What is a clean regex pattern for matching URL strings that stops at the first comma? Trying to extract values from an array of arrays in Google Sheets.
Cell A1
{https://www.myshop.com/shop/the_first_shop,Marcus. White's. Shop.,ACTIVE,US};{https://www.myshop.com/shop/a-second-shop,The first! Shop,CLOSED,UK};{EMPTY,ClosedShop,CLOSED,IN}
Desired Output (Cell B1)
https://www.myshop.com/shop/the_first_shop,https://www.myshop.com/shop/a-second-shop
I have figured out how to get a clean array of matching values in my desired output cell using:
=trim(regexreplace(regexreplace(regexreplace(REGEXREPLACE(A2,"/(https?:\/\/[^ ]*)/"," "),";"," "),"}"," "),"{"," "))
But I can't find a regex pattern that stops at a comma. For example, this soution:
"/(https?:\/\/[^ ]*)/"
matches the first URL, but gives me back:
https://www.myshop.com/shop/the_first_shop,Marcus.

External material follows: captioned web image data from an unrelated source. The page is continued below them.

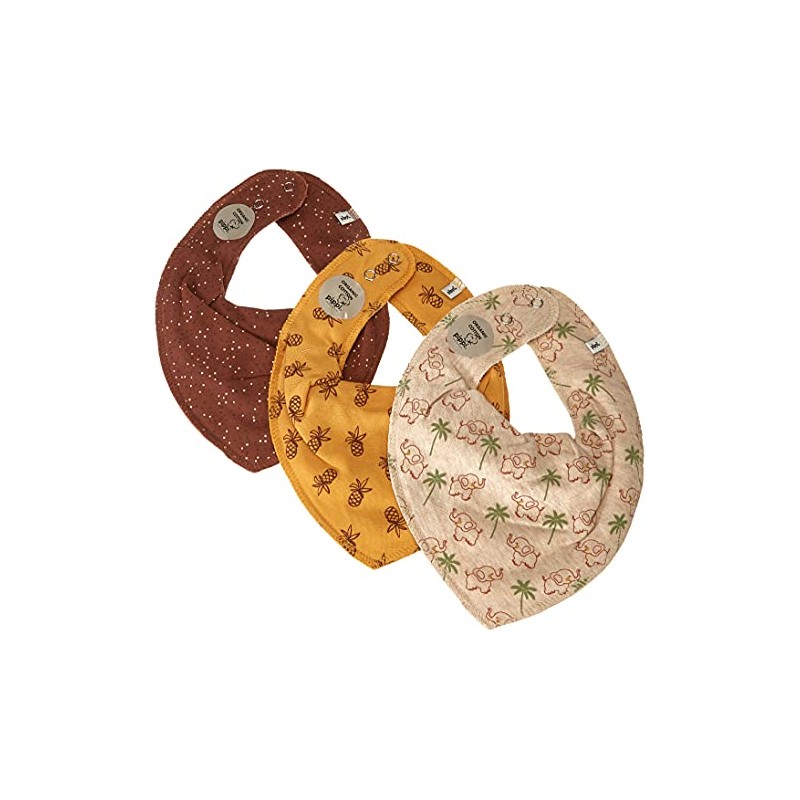 Pippi Unisex Baby Bandana Bib (Pack of 3) Triangle L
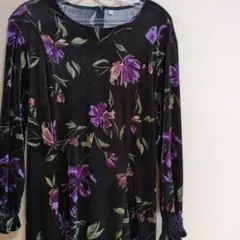 ベロアワンピース長袖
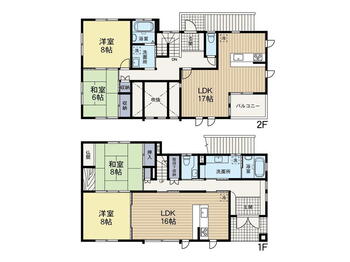 東柏ケ谷１（さがみ野駅）　７０８０万円 7080万円、4LLDDKK、土地面積204.95m<sup>2</sup>、建物面積163.96m<sup>2</sup> 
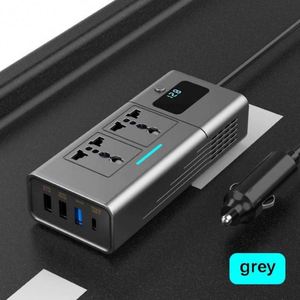 <span class=keywords><strong>Inverter</strong></span> daya mobil Digital, <span class=keywords><strong>Inverter</strong></span> daya mobil Digital Multifungsi Universal <span class=keywords><strong>12V</strong></span> 24V hingga 200 V <span class=keywords><strong>220V</strong></span> untuk Laptop dengan tipe C Pd Qc3.0 110 W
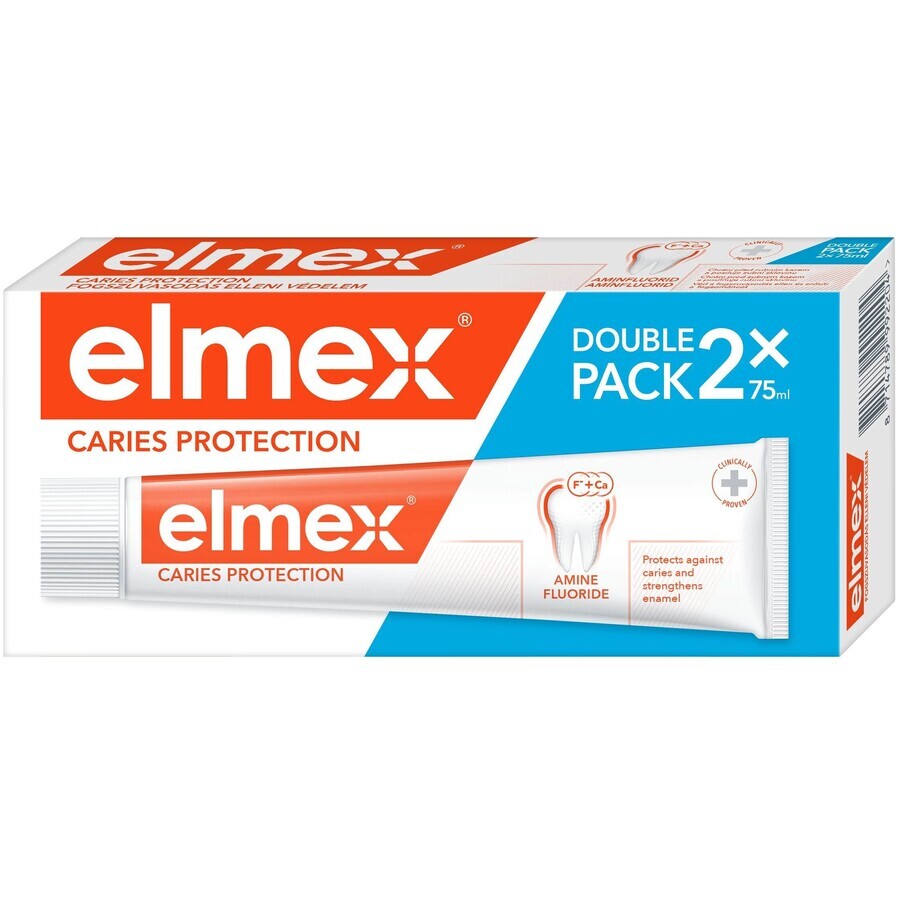 Elmex Pasta dentífrica Anticaries 2 x 75 ml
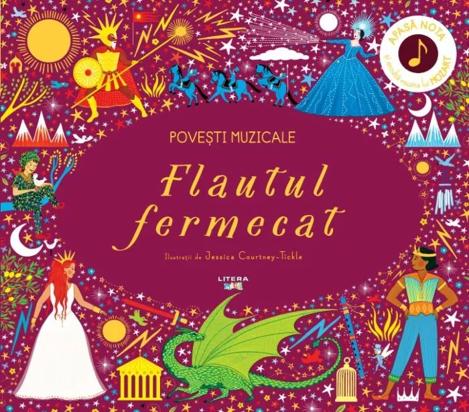 Povesti muzicale. Flautul fermecat. Carte cu sunete - 95.99 Lei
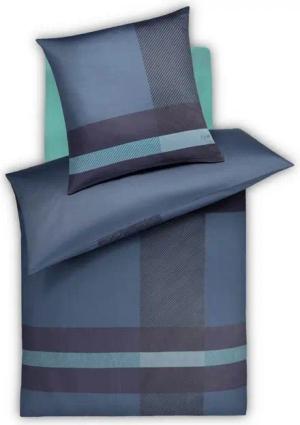 JOOP! Bettwäsche Modern 4104 2 Ocean, Mako-Satin, 3 teilig, Linien, Gestreift, Logo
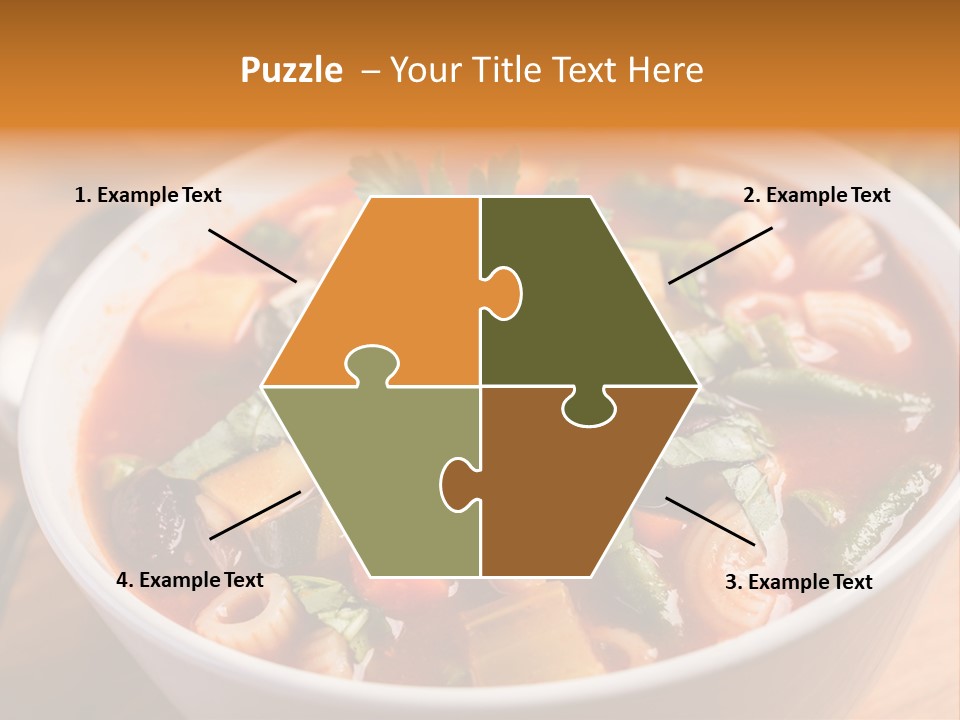 Soup With Vermicelli And Herbs PowerPoint Template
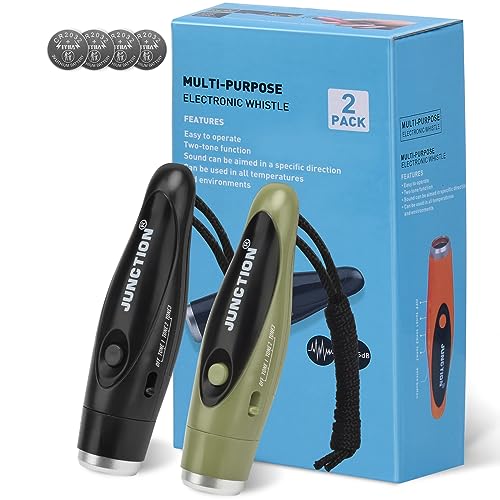 Electronic Whistles 2 Pack (Black+ Military)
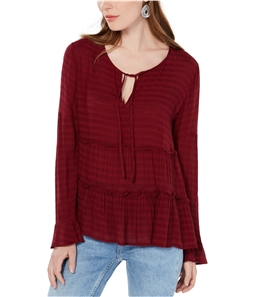 Lucky Brand Womens Tiered Peasant Blouse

White's. Shop.,ACTIVE,US https://www.myshop.com/shop/a-second-shop,The first! Shop,CLOSED,UK EMPTY,ClosedShop,CLOSED,IN
I'd go with REGEXREPLACE
and use:
=REGEXREPLACE(A1,".*?(?:(https.*?)|$)","$1")
Just a trailing comma to deal with...
=REGEXREPLACE(REGEXREPLACE(A1,".*?(?:(https.*?(,))|$)","$1"),",$","")
A much longer alternative to REGEXREPLACE
could be:
=TEXTJOIN(",",,QUERY(TRANSPOSE(SPLIT(SUBSTITUTE(SUBSTITUTE(A1,"{","}"),"}",","),",")),"Select Col1 where Col1 like 'http%'"))